Take a look at the above figure. This is a simple switching circuit, attached to A14. With the switch in the OPEN position, the A14 pin would receive Vcc (or +5V) and would set that address bit to ‘1.’ Closing the switch would pull Vcc to Ground, resulting on no voltage to the A14 pin and would result in setting that address bit to ‘0.’ Remember, CLOSING the switch would set it to ‘0’, opening to ‘1.’
If we wanted to “reverse” the switching to make “more sense,” we could use an inverter between the pin and switch. Most common and readily available inverter is the 7404 Hex Inverter chip, which is a 14-pin dip chip that consists of 6 inverters that we can use.
Here’s a simple diagram showing the use of an inverter:
With the switch in the open position (off), the result out of the inverter, to pin A14, would be ‘0’ or low. With the switch in the closed position (on), the result of out of the inverter, to pin A14, would be ‘1’ or high.
The choice is yours. If using the type of DIP switch that when the switch is in the UP position is OFF, perhaps the diagram without the inverter would be the best choice. The ‘piano’ type DIP switch is most common for this. Using a binary number counter switch, the use of the inverter would be recommended.
Here’s a draft diagram of a completed circuit schematic. Keep in mind, I only connected the Data and Address lines in the diagram. You would still connect OE to OE, CE to CE and PGM (WE) to PGM.
Keep in mind that Vss is Ground. Notice the switches, 1-3, are set up 1-3 and not 3-1. It all depends how you want to design the circuit. If using DIP switches, you may want to reverse the switches as 3-2-1. That way, setting the switches to OFF-OFF-ON would equal 1, OFF-ON-OFF would equal 2, and so on. But then again, OFF-OFF-OFF would set A14-A16 to high or ‘1.’ Since we’re not using an inverter in this circuit, you have to think opposite. Setting them all to ON, would set all of them to ‘0.’ It is probably a little confusing, but not hard to get used to I suppose.
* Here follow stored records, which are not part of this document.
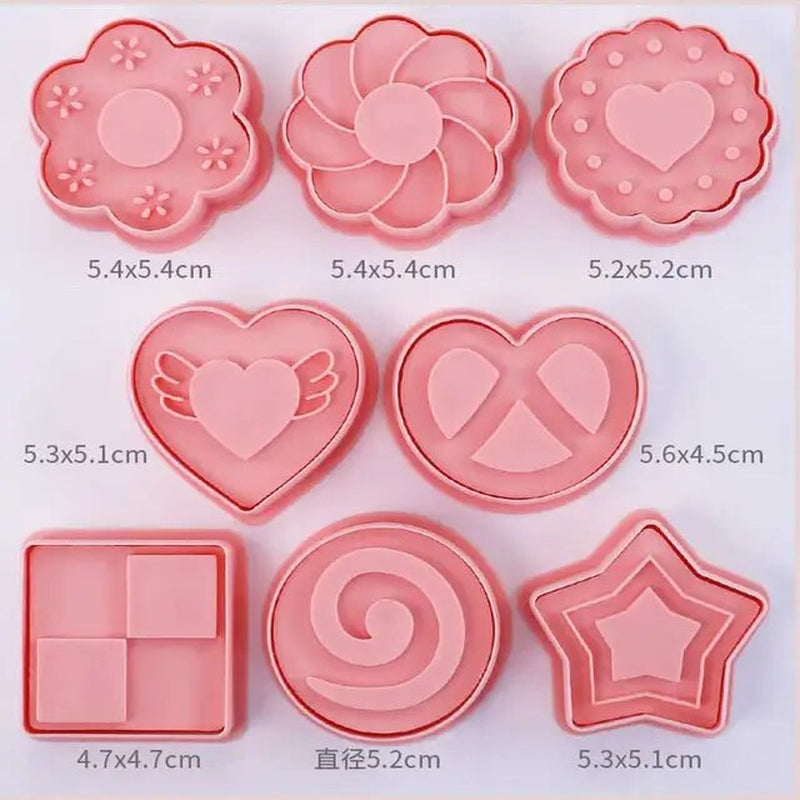 Lisslune | 8 Pieces/Set DIY Cake Decoration Tools Christmas Cartoon Cookie Cutter Set Plastic Baking Molds Cookie Tools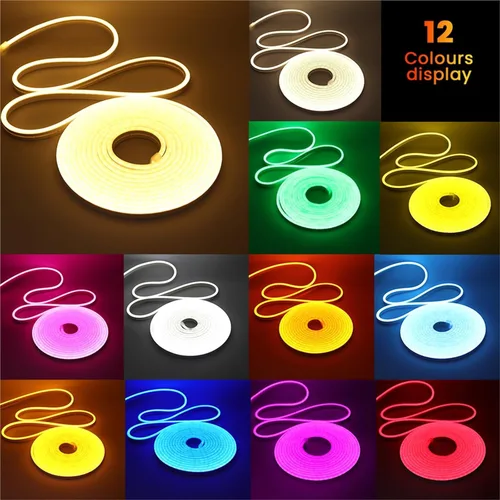 Vista 3 de Tira de neón DC 24V 1.6-65.6 ft IP67 impermeable, multicolor, retroiluminación de TV, tubo de silicona flexible para el hogar, luz LED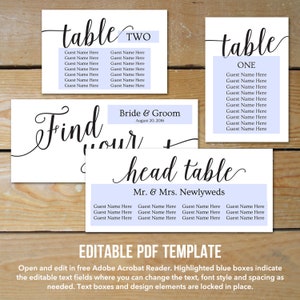 Seating Chart Wedding Template / Wedding Seating Chart Cards / Wedding Seating Plan / Seating Chart Template for Picture Frame Collage image 3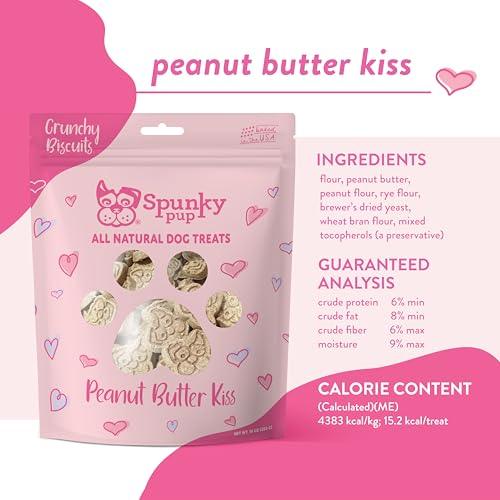 Spunky Pup Peanut Butter Kiss Crunchy Dog Treats, 10 oz - Exotic Pro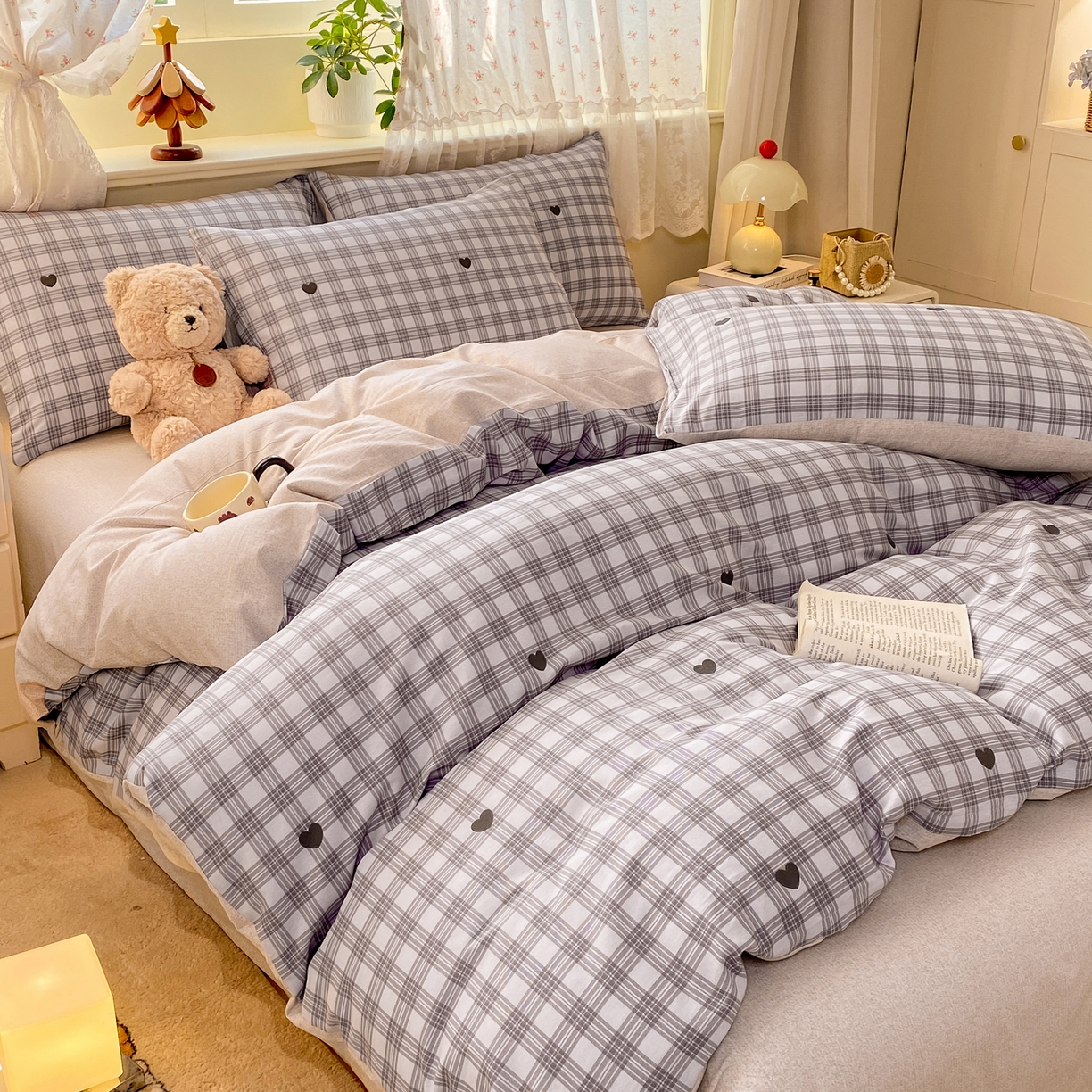 91家纺网 家纺一手货源 找家纺 红日子纺织品 2026新款12868全棉纯棉印花被套单被套被套单件（提供检测报告） 甜心乐园-紫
For the following diagram, I installed an inverter:
I used the same switch order, 1-2-3. Perhaps, it would be better to go ahead and set these to 3-2-1. In this circuit, you need to connect CE to CE, OE to OE and PGM to PGM (or WE to PGM – same thing) as well. I just wanted to show you the schematic of connecting the address and data pins as well as Vcc and Vss (Ground). In the above circuit, all switches to off is 000 (not 111 as in the diagram above this one).
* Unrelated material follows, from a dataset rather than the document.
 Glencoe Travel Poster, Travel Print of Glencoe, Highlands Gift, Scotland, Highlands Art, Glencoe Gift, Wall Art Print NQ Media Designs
Again, leaving the switch off, would leave a high level on the collector pin of the 7404 hex inverter chip. The inverter would, in fact, invert the signal, from a high to a low (0 volts). Seeming, that if my switch is OFF, I would want to have a low signal to the pin it’s affecting. This is optional. Whatever you do, make sure you’re on track with what and how you are doing it.
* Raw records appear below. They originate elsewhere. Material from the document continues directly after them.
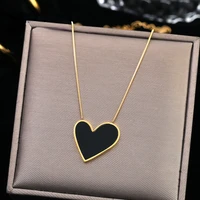 european and american sexy black peach heart pendant gold stainless steel necklace girls sexy necklace accessories for woman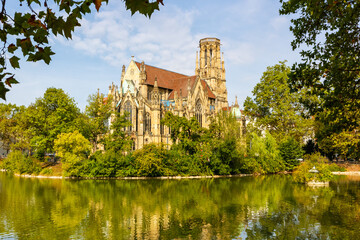 Stuttgart Johanneskirche church at Feuersee lake in Germany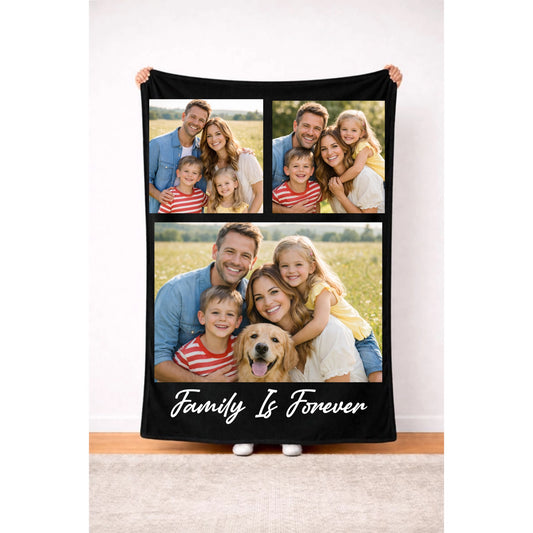 Personalized 3 Photo Memory Blanket with Custom Text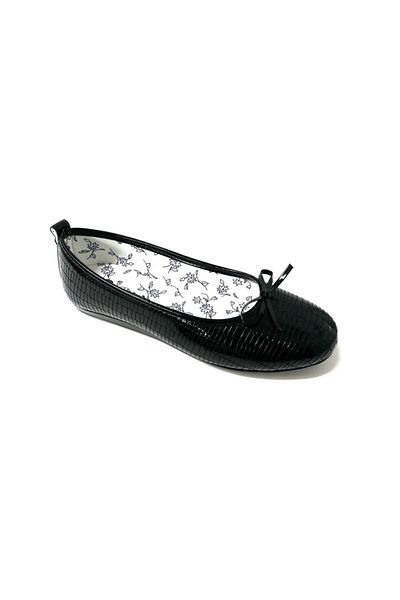 Ayakkabı Ülkesi Balerini de damă din piele lacuită neagră - pantofi eleganti de zi cu zi pentru nuntă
This is 100% theory and has NOT been tested. I plan on testing this very soon. It has been claimed that you can switch programs on the fly. WE recommend that you do not switch on the fly. Switching during the middle of data retrieval can be very harmful to your engine. Let’s say you switch, right when the ECM as looking for a particular value for spark advance. It’s supposed to be 20* but since you switched the program right in the middle, the data got corrupted and it receives the value to advance 50* instead! I’m not saying it will happen, I just believe it’s highly probable. Pull over, shut off the car, switch the program, start it back up. Better safe than sorry.